These advances are the first big changes in my working life and I’ve been grappling with them by writing all sorts of notes to explore my thoughts. In the process I noticed each question I wrote down gave rise to a few more which leads me to think everyone will come to wonder what things mean in an AI world. The worthiness of the discussion, motivated by everyone’s observations of recent advances in agentic systems, suggests maybe now we can come to imagine the destiny of full automation.

The best guide I know to encourage the necessary change in perspective for the task is Richard Hamming’s Learning to Learn lecture series. There, I first consulted the Artificial Intelligence videos which stressed handling our ego when discussing the topic. Then I consulted the general overview lecture where he listed out the advantages a computer has over a human, but then he stopped short of sharing advantages humans have over machines, only pointing out the listener was probably listing them now. This was a nod to our ego, but I now see it as hinting more. He meant for us to take a position on to what extent do machines think and where the separating line is between what machines can do and what humans can do. I am guessing he left it to us because he saw too many boundaries give way when probed with imagination that was too early for his time to share. Faced with the reality of AI, capable agentic systems, full automation, whatever you want to call it, I too am struggling with where to divide machine and man. Perhaps a gentler way of taking up the ego question is to wrestle with our understanding of what is a human’s work.

I currently believe inferring is the one thing that humans can do that machines can’t, and the only evidence I have for this guess is AI hasn’t inferred us to a world of antigravity, teleportation, and time travel. So let me use my one human power to infer the following: computers will be left to deduce all possible connections within their system and humans will be responsible for adding knowledge outside of the system to said system. I think this is best supported by what I believe Hamming’s machine assisted isosceles triangle proof story suggests: that it was within the capabilities of a computer to create the surprising proof because it deduced the result from all the rules and knowledge it was given.

I want to apply this to life as the system AI will come to consider. Humanity has what it knows in an area within a boundary of capabilities and as we increase the circumference with cutting edge technology, the area of reachable knowledge within will grow, and all of the inside area will be mapped out and connected to everything else by an AI system that can figure out ways to combine and apply our know-how.

Which by the way was the kind of pattern matching tasked to innovators. We had our inventors that gave us their beloved creations of time they didn’t really know what to do with and the rest of us applied the discoveries over many years to any human hope and enterprise.

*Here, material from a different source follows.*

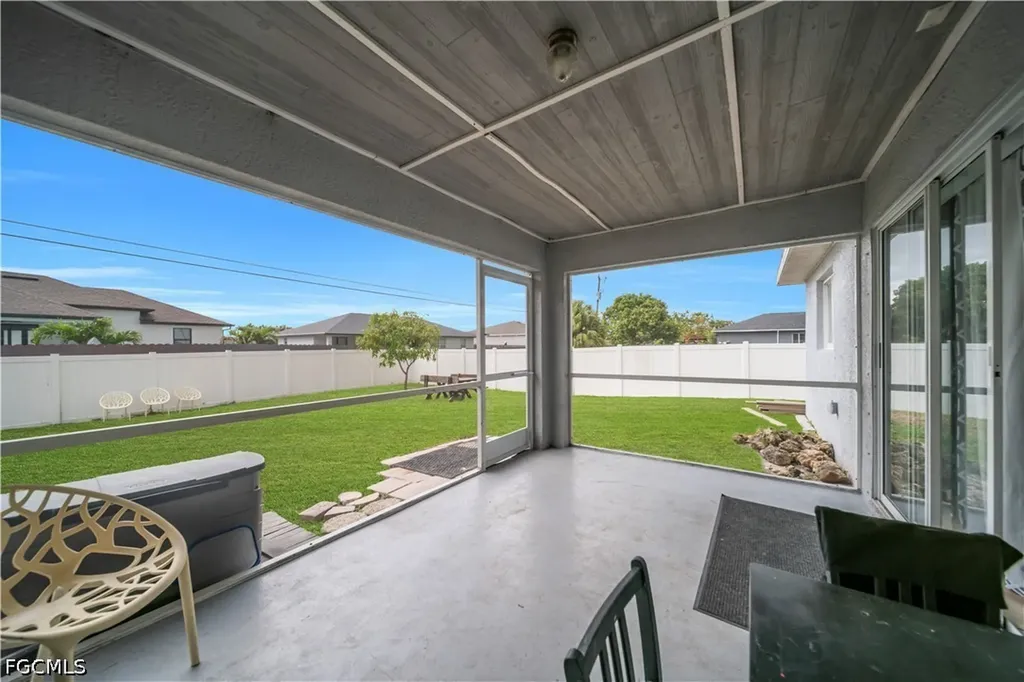 1826 NE 17th Place Cape Coral FL 33909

Furthermore, when we had the time to work on it, all of us engaged in trivializing human knowledge.

I think these long-tailed, humanity-level, processes will become automated. In an AI world, when you discover something and you get it really clear in your mind, it will be made even clearer still and it will be immediately understood if it connects with any other known invention.

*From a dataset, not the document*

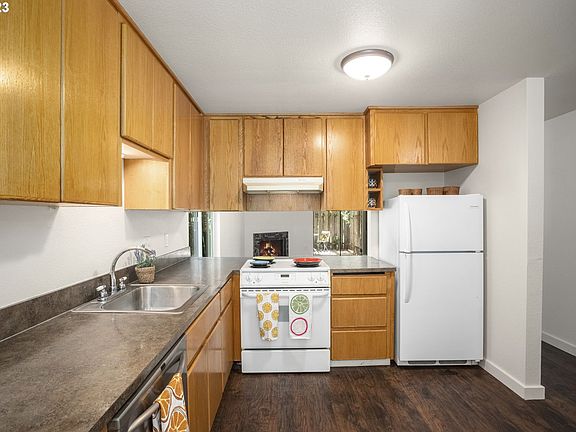 5th image of 10910 SW Garden Park Pl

This is what most intelligence feels like to me, it’s a kind of pattern matcher and “trivializer”, which helps make out the shape of the term Artificial Intelligence a little more clearly. That is to say, it’s not called Artificial Genius. So you can see what is missing now: inferring, invention, discovery, something that intelligence doesn’t necessarily provide, something Hamming calls great work, or we might call genius.

I think this challenges current notions of creativity and talent. After all, how creative was it really to apply an achievement in one field to all the others when compared to the discovery of said achievement? And how talented are humans really in endeavors where a computer can hit the target no human can? It’s the genius that’s creative and must be relied on to hit targets that cannot be seen, only inferred.

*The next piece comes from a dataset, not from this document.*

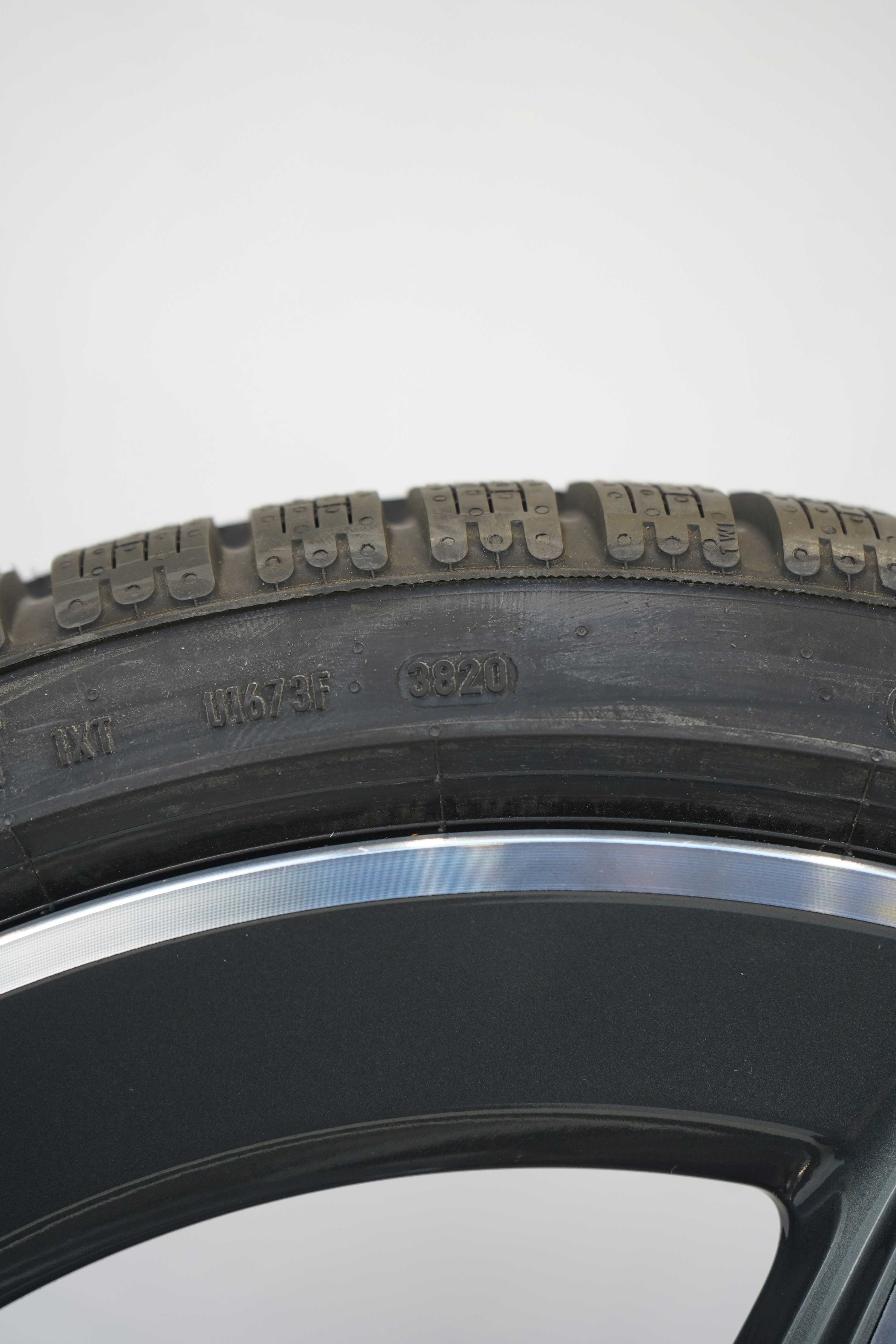 Winterkomplettradsatz-Mercedes-Benz-A177-A-Klasse-A1774012300-Alufelge-Winterreifen-Pirelli-PZEROWinter-245-35-R19-93V-8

In his overview lecture, Hamming talked about the doubling of knowledge and how it implied that science could not go on the way it has because everyone would have to be a scientist in the future. Hamming also talked about how science and engineering were becoming more and more intertwined, and people were going to be pushed hard to get scientific principles out into the field and then use that engineering to push science.

What I believe now is, science cannot go on the way it has and everyone will have to be a scientist. I imagine this because you can also think of AI as something that can recreate any human knowledge. In the before time, we accessioned oral and written records to humanity’s store for use in the global processes mentioned previously. In an AI world, we will accession knowledge in a kind of AI model form where anything can be known and applied everywhere immediately as part of a kind of outcome-first automated engineering.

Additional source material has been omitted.